A couple of examples:

• Regular expressions support grouping. E.g. in Ruby: /my (group)/.match("my group")[1] will output "group". storing something in a group requires an external storage, which a finite automaton does not have.
• Many languages, e.g. C#, support captures, i.e. that each match will be captured on a stack - for example the pattern (?<MYGROUP>.)* could perform multiple captures of "." in the same group.
• Grouping are used for backreferencing as pointed out by the user NullUserException above. Backreferencing requires one or more external stacks with the power of a push-down-automaton (you have to be able to push something on a stack and peek or pop it afterwards.
• Some engines have the possibility of seperately pushing and popping external stacks and checking whether the stack is empty. In .NET, actually (?<MYGROUP>test) pushes a stack, while (?<-MYGROUP>) pops a stack.
• Some engines like the .NET engine have a balanced grouping concept - where an external stack can be both pushed and popped at the same time. Balanced grouping syntax is (?<FIRSTGROUP-LASTGROUP>) which pops the LASTGROUP and pushes the capture since the LASTGROUP index on the FIRSTGROUP stack. This can actually be used to match infinitely nested constructions which is definitely beyond the power of a finite automaton.

Probably other good examples exist :-) If you are further interessted in some of the implementation details of external stacks in combination with Regex's and balanced grouping and thus higher order automata than finite automata, I once wrote two short articles on this (http://www.codeproject.com/KB/recipes/Nested_RegEx_explained.aspx and http://www.codeproject.com/KB/recipes/RegEx_Balanced_Grouping.aspx).

Anyway - finitieness or not - I blieve that the power that this extra stuff brings to the regular languages is great :-)

Br.
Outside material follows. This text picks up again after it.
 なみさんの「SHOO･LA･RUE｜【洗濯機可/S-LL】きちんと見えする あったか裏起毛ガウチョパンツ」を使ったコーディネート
Morten

A deterministic or nondeterministic finite automaton recognizes just the regular languages, which are described by regular expressions. The definition of a regular expression is simple. Let S be an alphabet. Then the empty set, the empty string, and every element of S are regular expressions (over S). Let u and v be regular expressions. Then the union (u | v), concatenation (uv), and closure (u*) of u and v are regular expressions over S. This definition is easily extended to the regular languages. No other expression is a regular expression. As pointed out, some back-references are an example. The Wikipedia pages on regular languages and expressions are good references.

In essence, certain "regular expressions" are not regular because no automaton of a particular type can be constructed to recognize them. For example, the the language

{ a^ i b^ i : i <= 0 }

is not regular. This is because the accepting automaton would require infinitely many states, but an automaton accepting regular languages must have a finite number of states.